▶ [YOUR ASSIGNMENT]:
Every line in the data below from the one containing "A hand with" down to the one containing "Empty room, carpeted", both included, must be retyped exactly; no other line is to appear.

▶ [RECORDED INFORMATION]:
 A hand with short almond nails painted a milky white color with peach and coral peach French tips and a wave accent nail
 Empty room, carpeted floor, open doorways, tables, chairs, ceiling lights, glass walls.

...

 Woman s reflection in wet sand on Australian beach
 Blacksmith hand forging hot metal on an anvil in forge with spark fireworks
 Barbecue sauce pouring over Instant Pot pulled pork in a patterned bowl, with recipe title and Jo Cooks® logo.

▶ [SOLUTION TO THE PROBLEM]:
 A hand with short almond nails painted a milky white color with peach and coral peach French tips and a wave accent nail
 Empty room, carpeted floor, open doorways, tables, chairs, ceiling lights, glass walls.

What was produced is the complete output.